§ Exercise requirements
Transcribe only the part of the material below that begins at the line containing "back of property" and ends at the line containing "Clay barrel tile", with both kept and images left out.

§ Dataset records
-=-=-=-=-
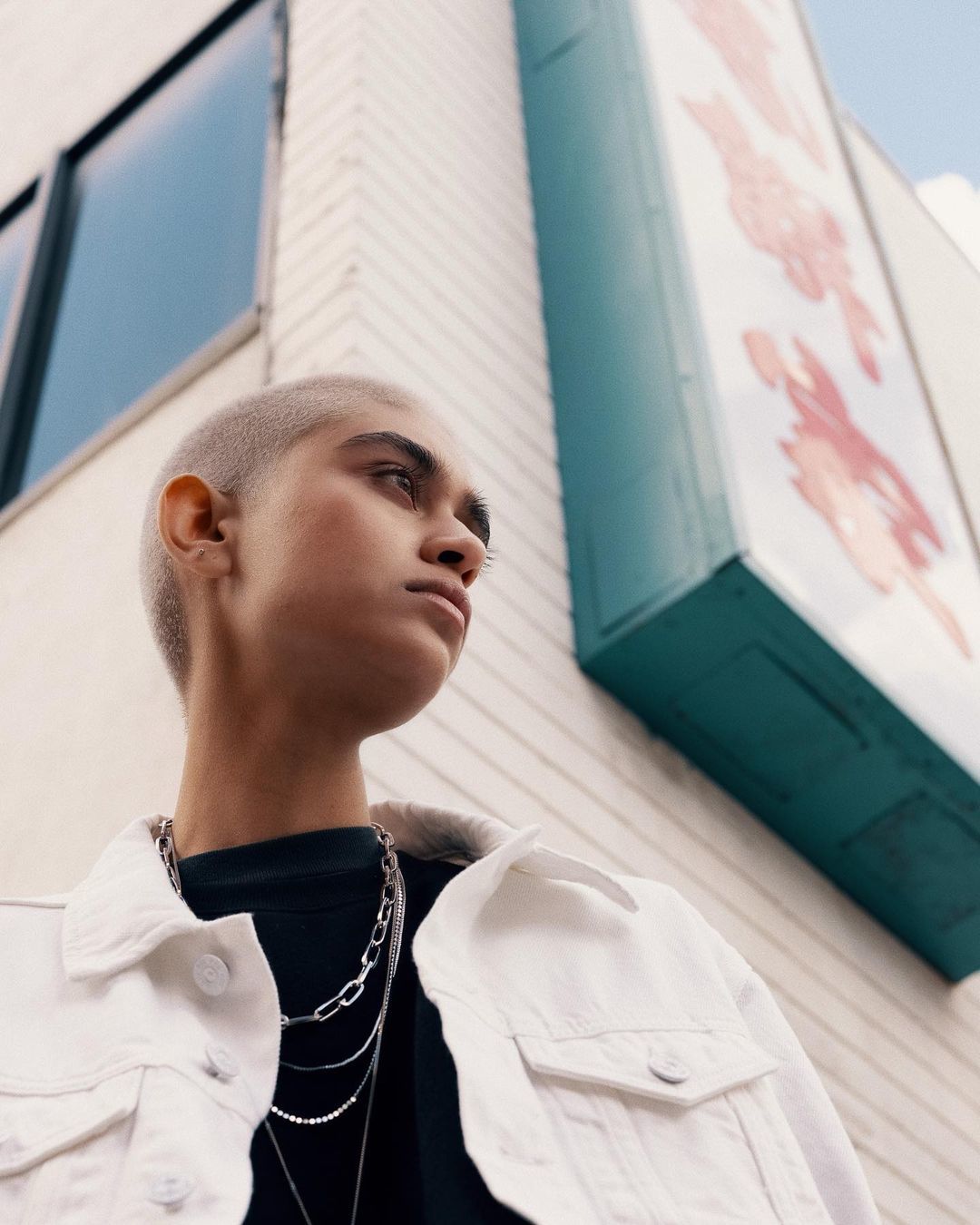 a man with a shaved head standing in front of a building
-=-=-=-=-
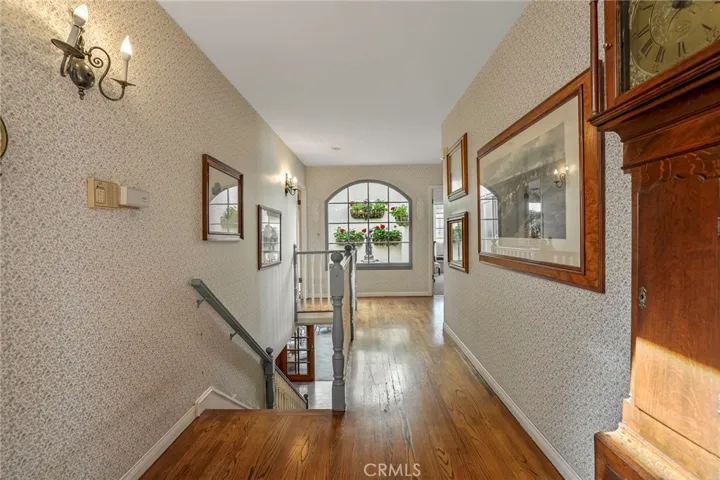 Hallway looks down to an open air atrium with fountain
-=-=-=-=-
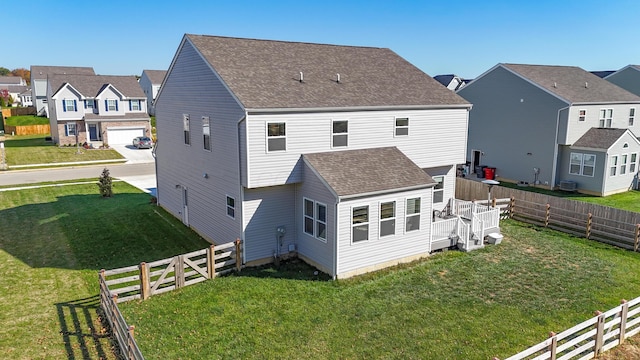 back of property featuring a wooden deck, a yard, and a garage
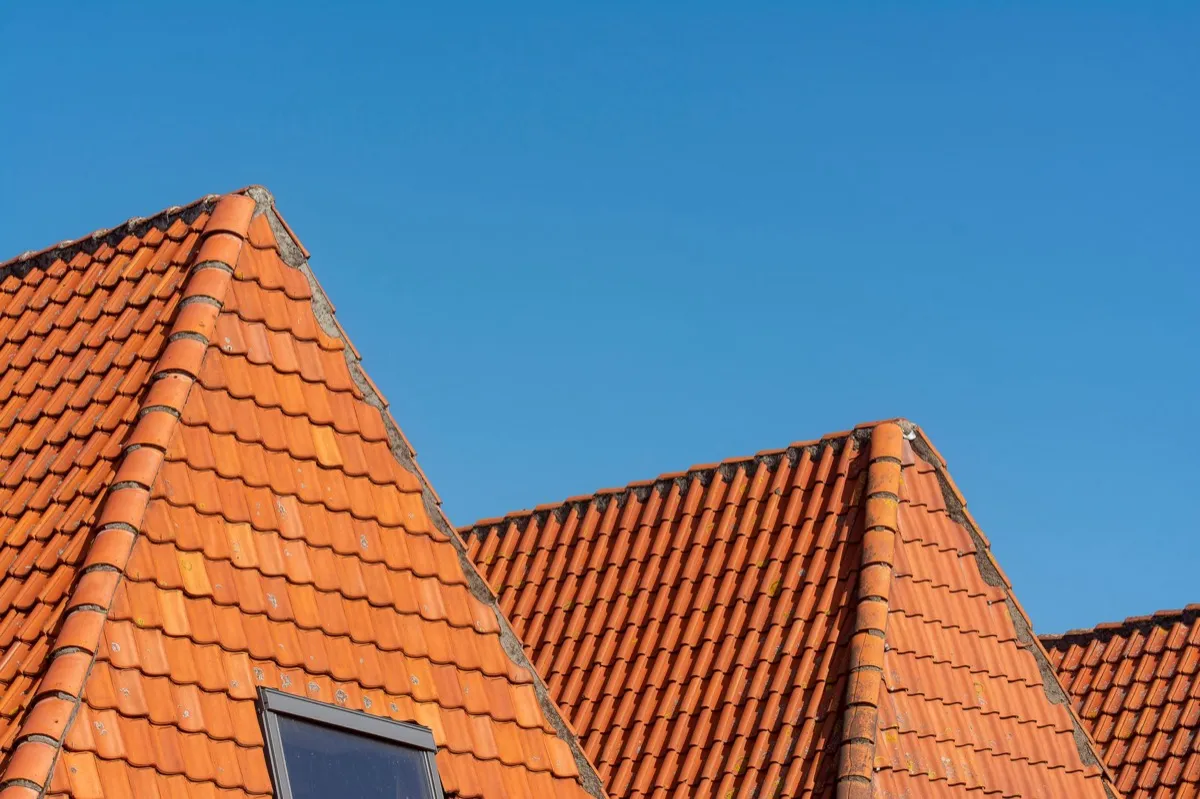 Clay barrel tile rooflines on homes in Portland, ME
-=-=-=-=-
§ Answer to the exercise
 back of property featuring a wooden deck, a yard, and a garage
 Clay barrel tile rooflines on homes in Portland, ME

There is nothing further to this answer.